Sie beteiligt sich auch an Projekten, die die Demokratie fördern sollen. Im vergangenen Jahr besuchte eine MJD-Gruppe erstmals das frühere NS-Vernichtungslager Auschwitz und gedachte dort des Massenmordes an den Juden.

Trotzdem stößt die Organisation immer wieder mit Normen und Werten der Bundesrepublik zusammen, nicht zuletzt weil sie für eine konservative Form des Islam steht. Viele Gruppen vor Ort, die so genannten Lokalkreise, sind etwa nach Mädchen und Jungen getrennt.

Vier Verfassungsschutzbehörden sehen in der MJD sogar eine Gefahr für die freiheitlich-demokratische Grundordnung. So taucht die Muslimische Jugend u.a. in den Berichten der Staatsschützer des baden-württembergischen Landesamtes und des Bundesamtes für Verfassungsschutz auf.

Zumindest der Jahresbericht 2009 der Bundesstaatsschützer muss nun teilweise überarbeitet werden.
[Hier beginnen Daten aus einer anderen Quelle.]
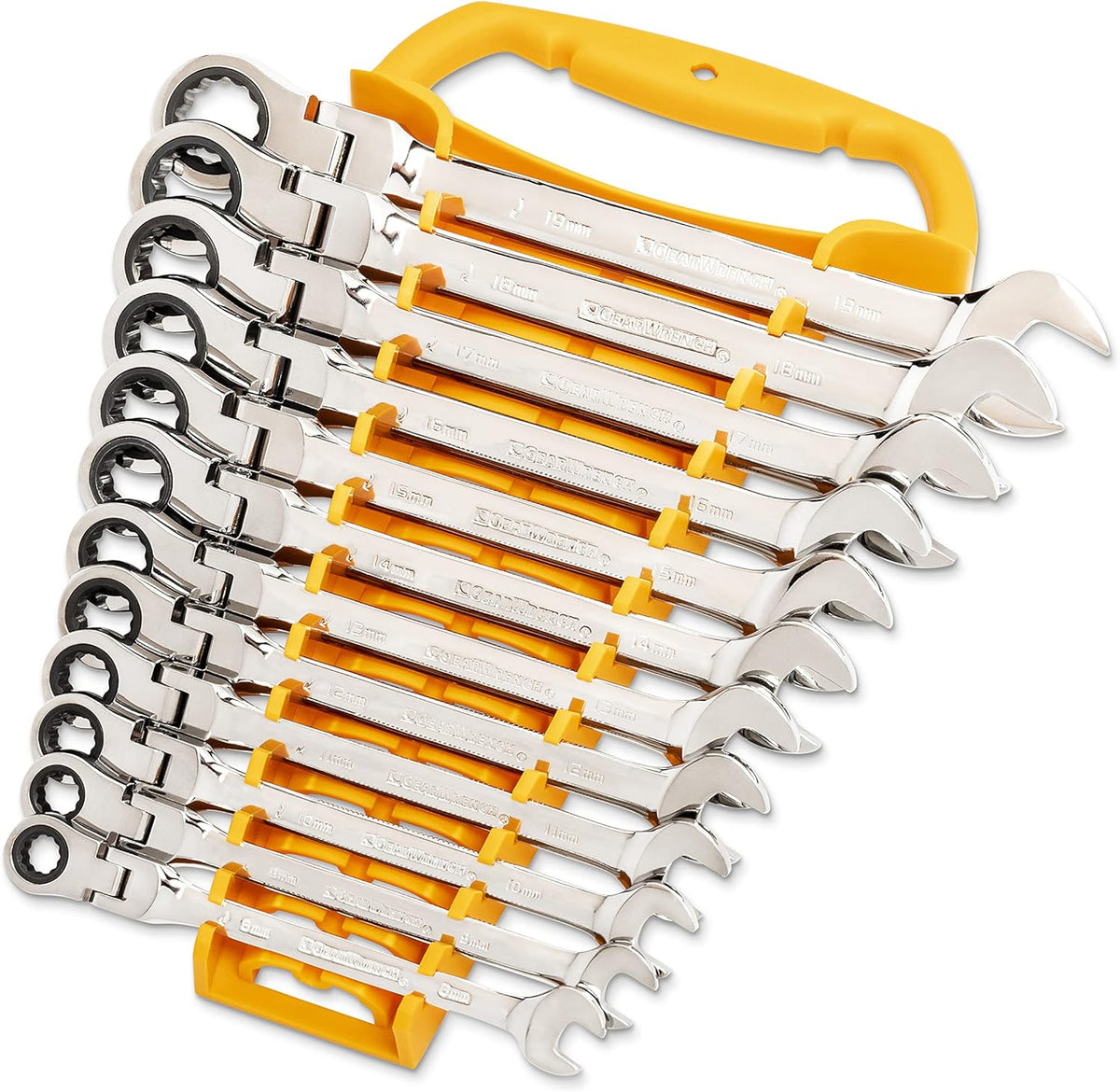 GEARWRENCH 25-Pc. Flex Combination Ratcheting Wrench Set, SAE/MM - 86730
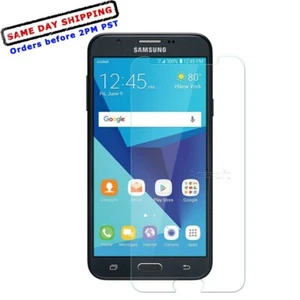Protezione schermo vetro temperato trasparente 9H per telefono Samsung Galaxy J7 Perx SM-J727P - Foto 1 di 1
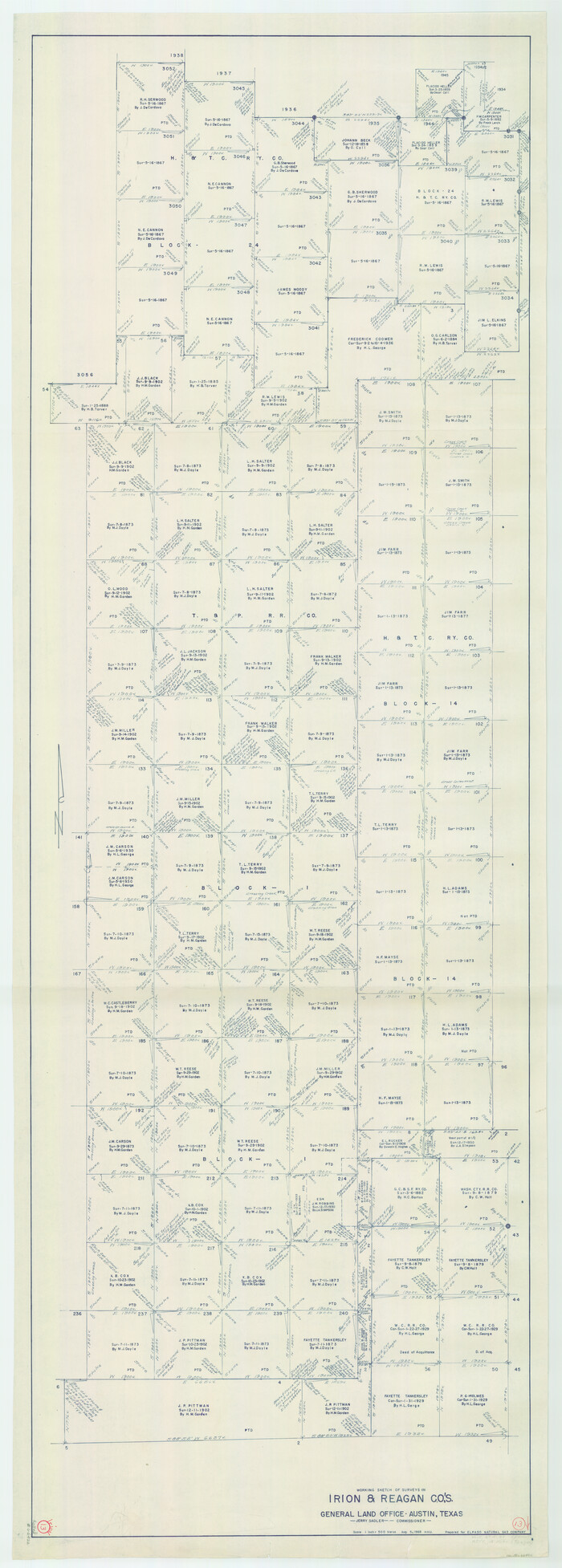 66422, Irion County Working Sketch 13, General Map Collection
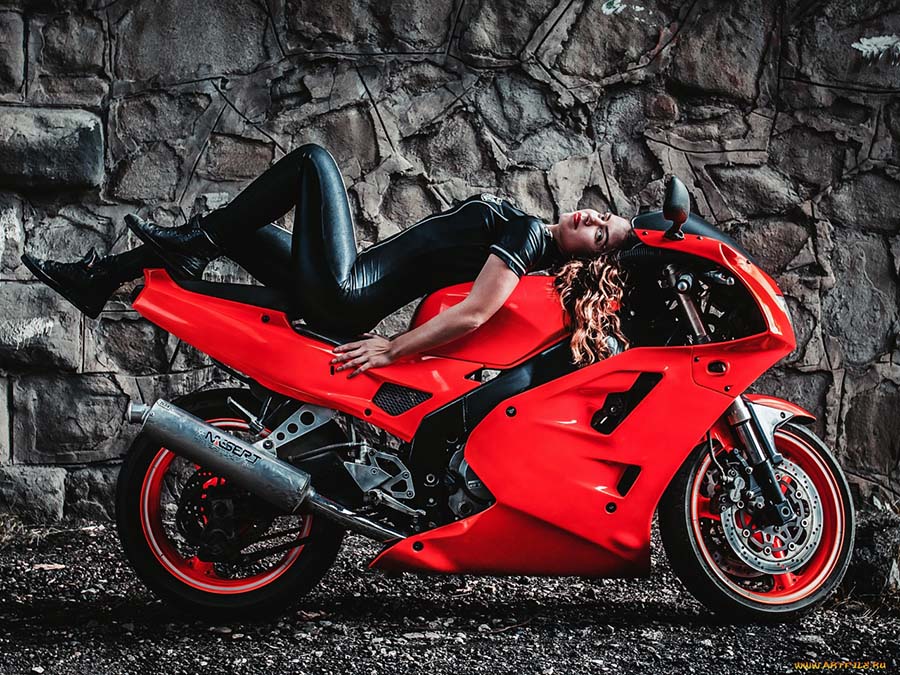 Beautiful girl Beautiful girls and motorcycles in Sydney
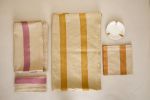 Oh! Stripes (Ochre) Block Print Tablecloth | Linens & Bedding by Ninéh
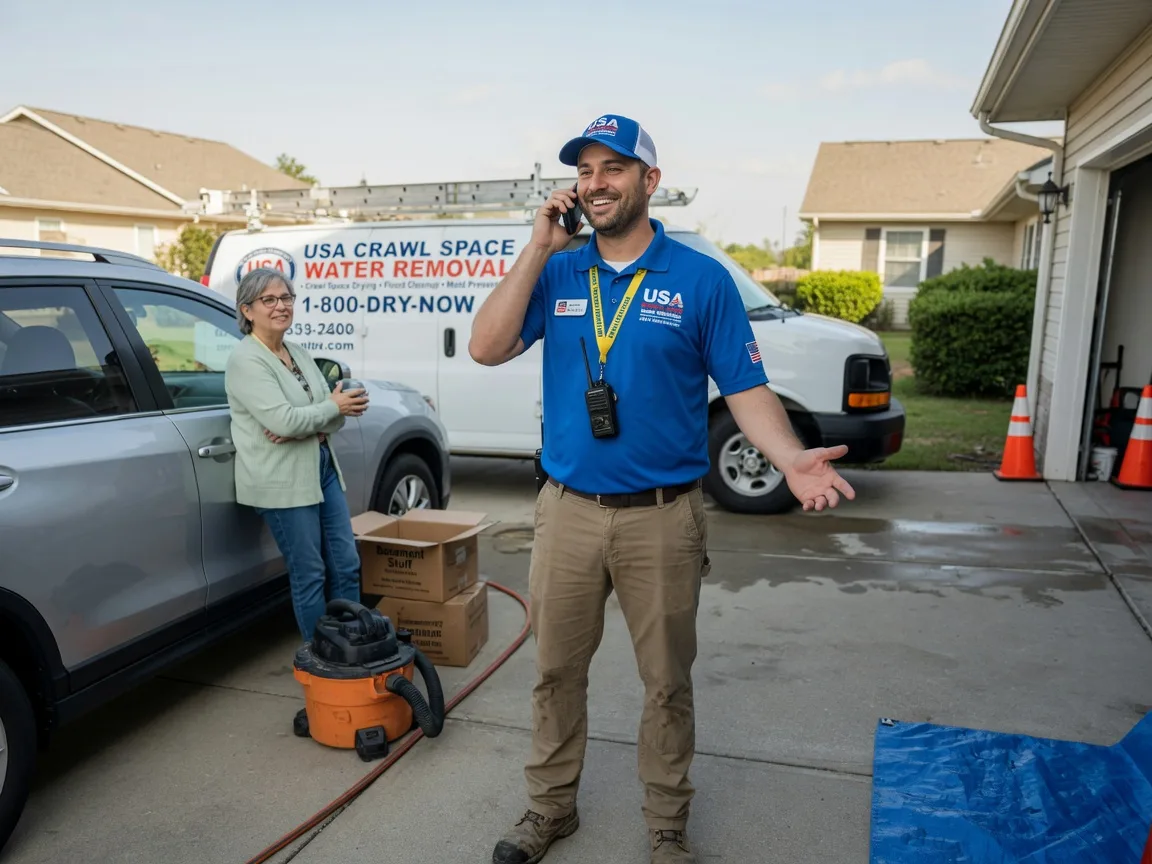 Crawl Space Water Removal Andrews, NC FAQs
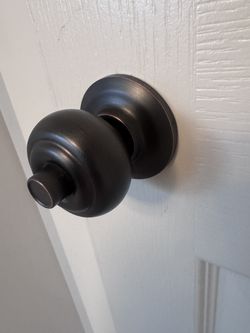 Oil Rubbed Bronze Interior Privacy Door Knob with Lock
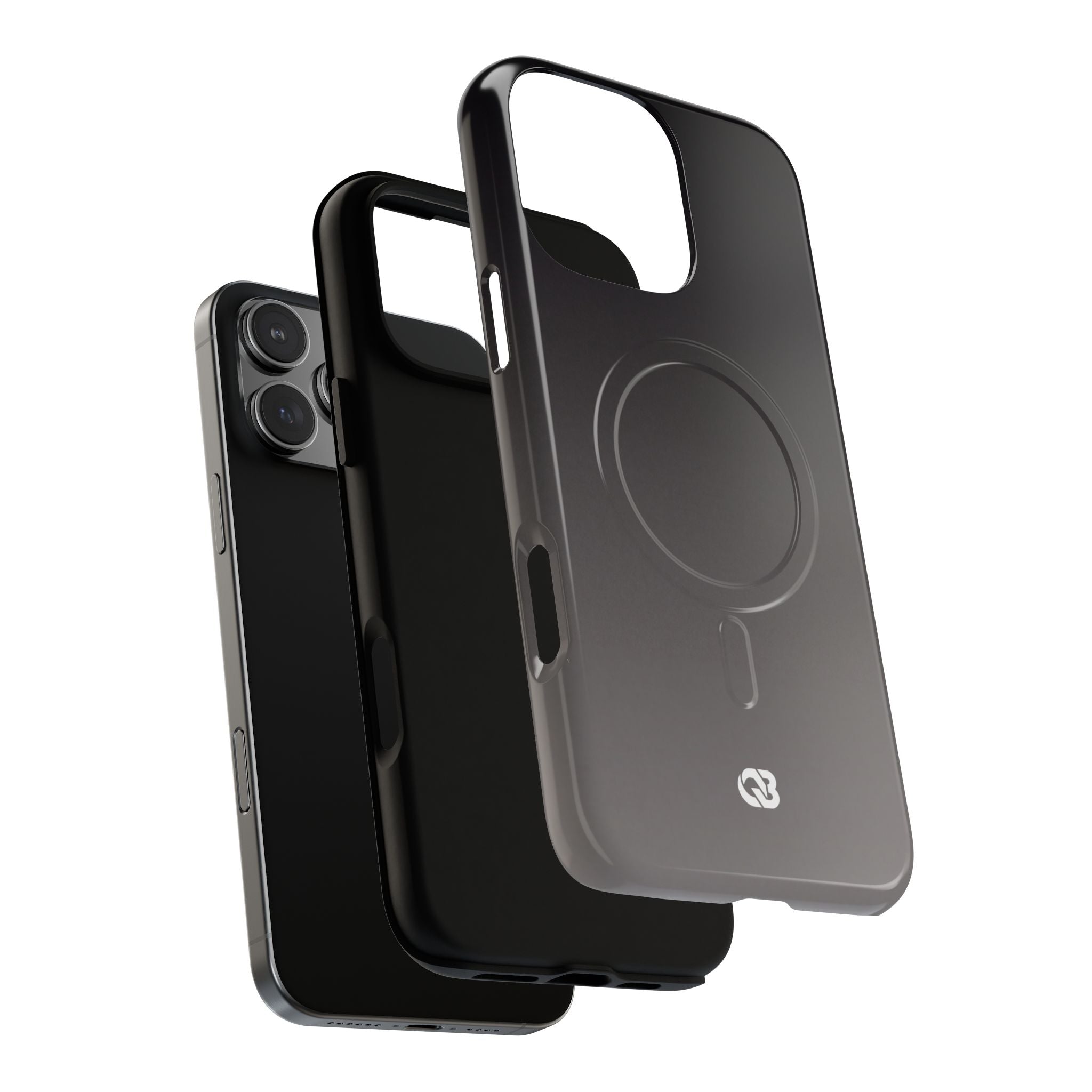 Grey Tough 2.0 Magsafe Phone Case for iPhone - Obsidian Ash Fade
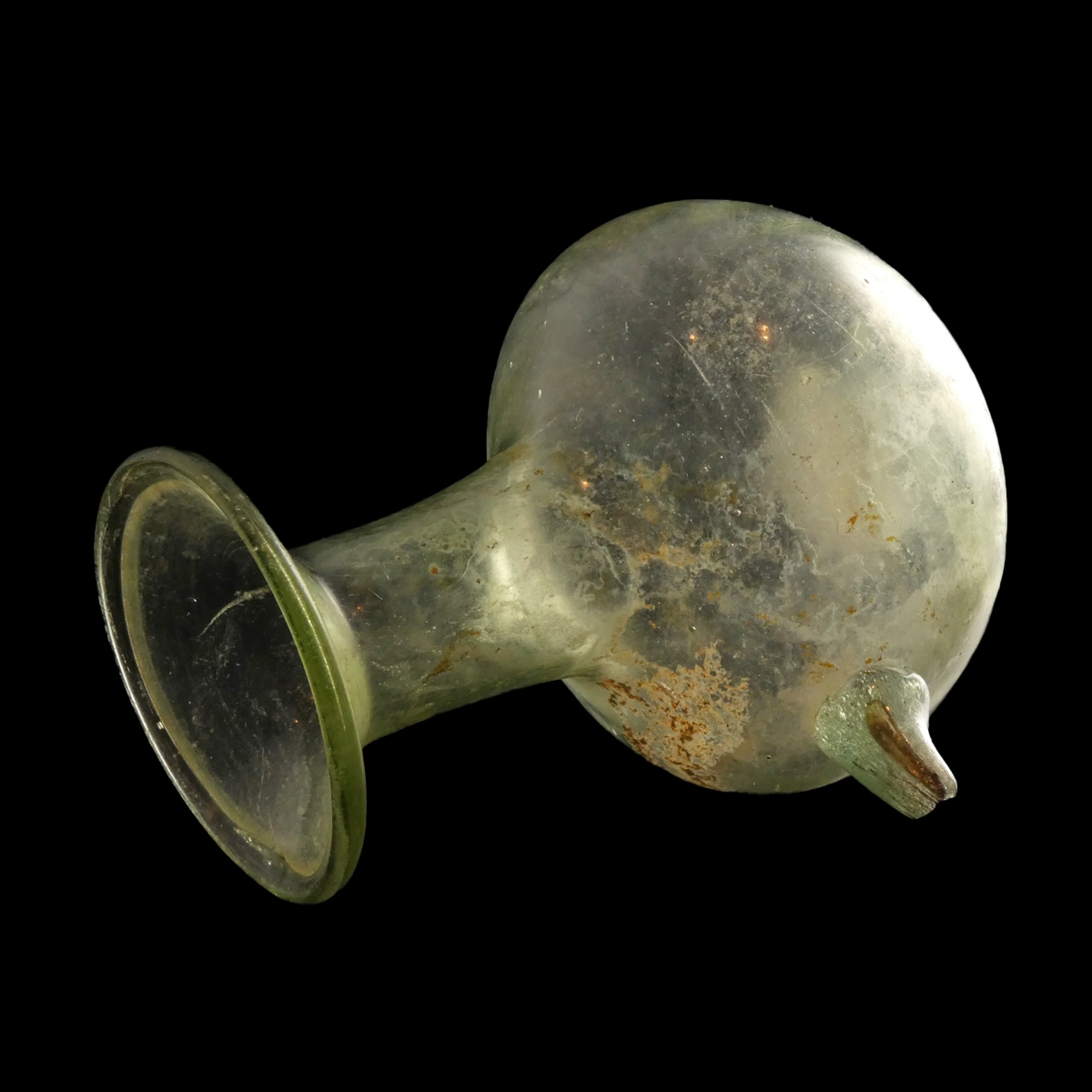 Ancient Roman glass baby feeding bottle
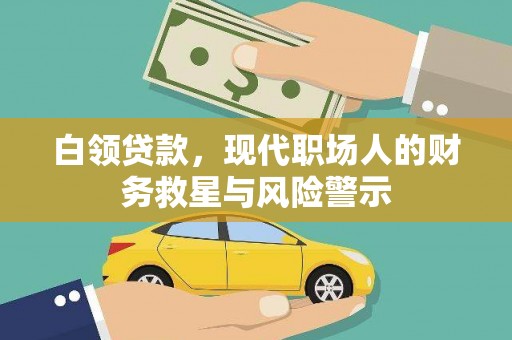 丰城白领贷款，现代职场人的财务救星与风险警示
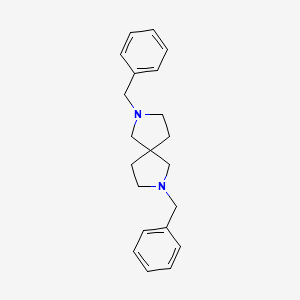 molecular formula C21H26N2 B1348119 2,7-Dibenzyl-2,7-diazaspiro[4.4]nonane CAS No. 77415-72-6
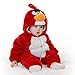 Jumpsuit Angry Bird Onesie Halloween Costumes for Baby Height 31.5-35 Inches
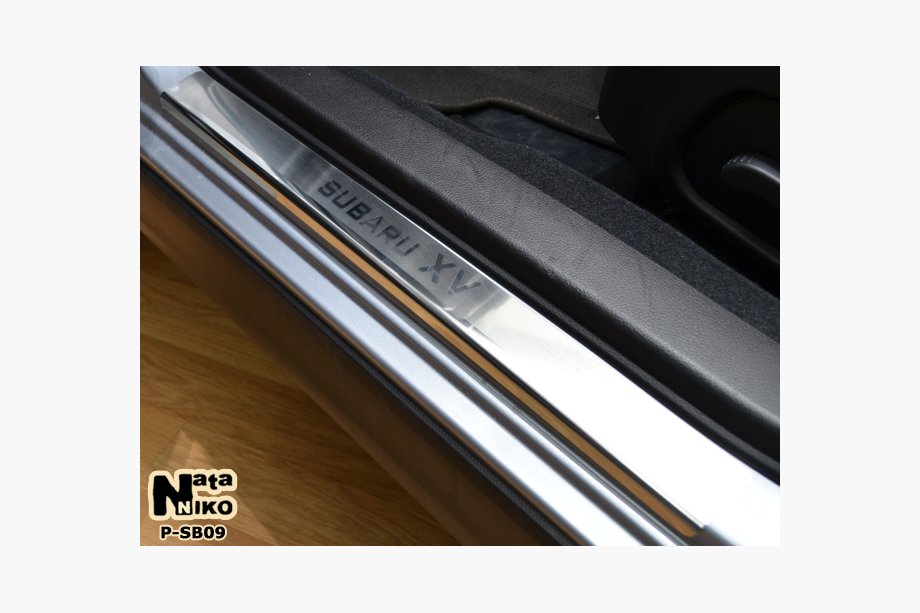 Subaru XV 2011-2017 гг. Накладки на пороги Natanika Premium нержавеющая сталь (2 шт.) Image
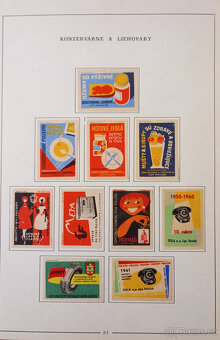 Zápalkové nálepky Slovensko 1961 - 63 - 6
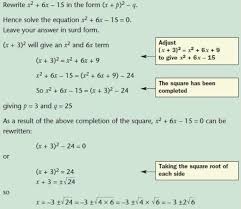 Solving Quadratic And Algebra Equations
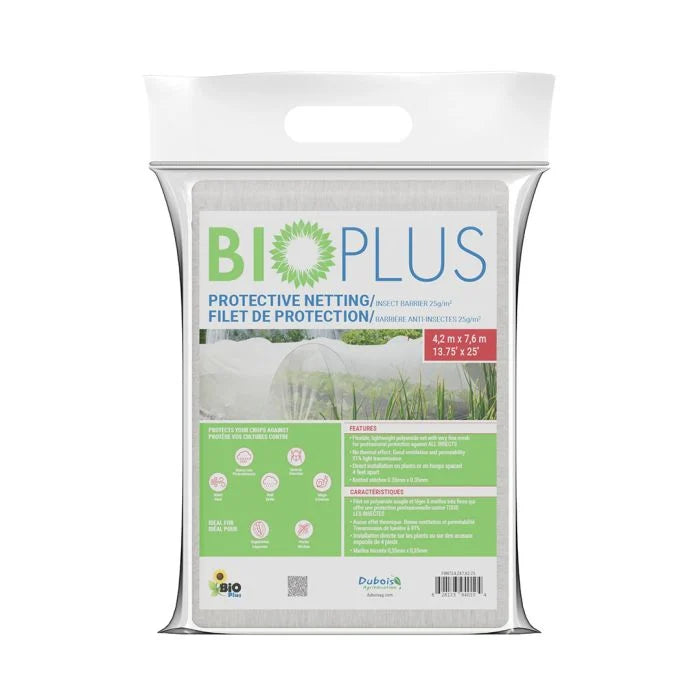 FILET DE PROTECTION CONTRE LES INSECTES BIO PLUS TRICOTE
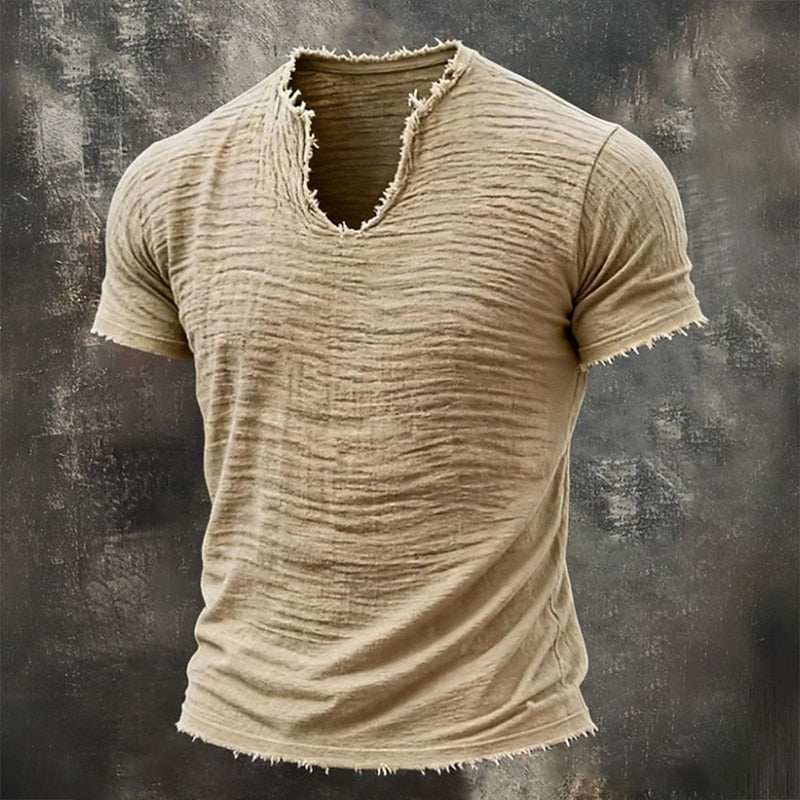 Mason | Camiseta de Vintage con Cuello en V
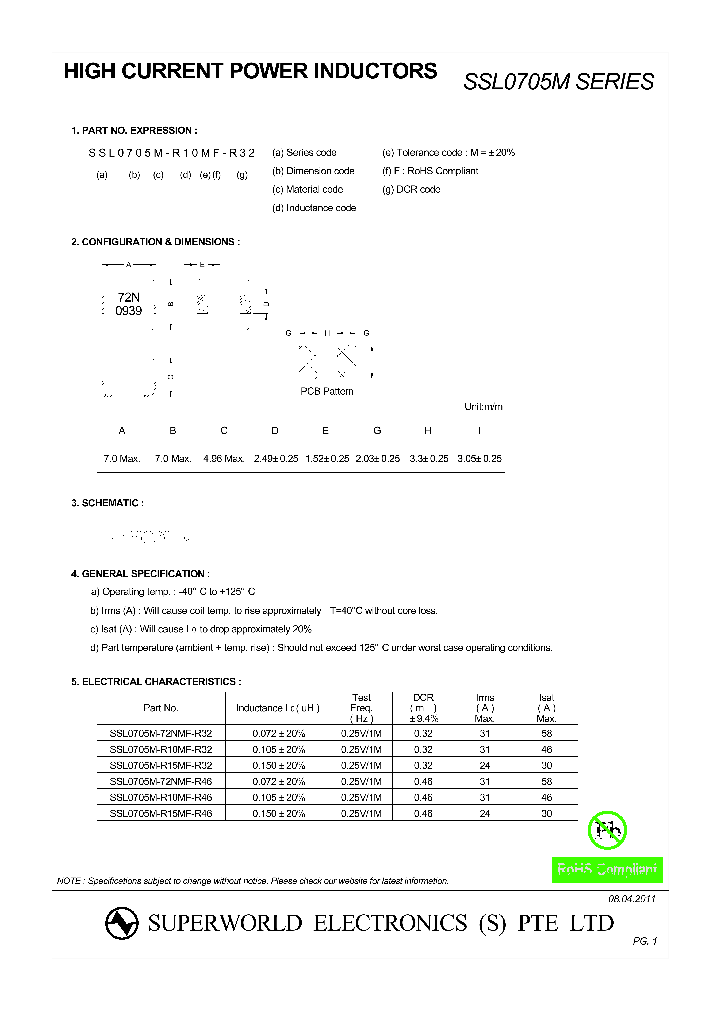 SSL0705M-72NMF-R32_1565104.PDF Datasheet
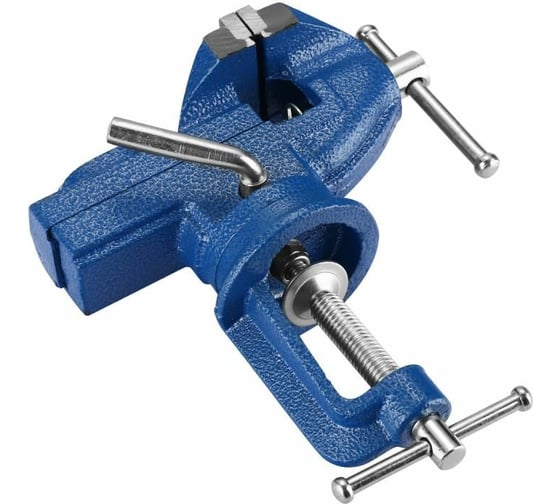 Слесарные тиски DEKO CL08, настольные, поворотные, 60 мм 065-0960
Die Behörde muss ihren Vorwurf streichen, die MJD habe ihren Mitgliedern empfohlen, sich in allen Fragen der islamischen Rechtsauslegung an den Maßgaben des Europäischen Fatwa-Rates (ECFR) in Dublin zu orientieren. Kritiker sehen den ECFR als nah an den islamistischen Muslimbrüdern.

In dem Verfassungsschutzbericht ging es zudem um ein Ex-Vorstandsmitglied der MJD. Die Münchner Polizei hatte im Frühjahr 2009 gegen den jungen Pädagogen ermittelt. Er soll zu einer Gruppe gehört haben, der gleich eine längere Liste von Vorwürfen gemacht wurde, u.a. finanzielle Unterstützung des internationalen Terrorismus.

Während der Verfassungsschutzbericht die Ermittlungen erwähnt, schweigt er sich darüber aus, dass die Staatsanwaltschaft sie mangels Tatverdacht eingestellt hat. Schwärzen muss der Verfassungsschutz jetzt den Satz, dass ein ehemaliger MJD-Vorstand zu den Beschuldigten gehörte.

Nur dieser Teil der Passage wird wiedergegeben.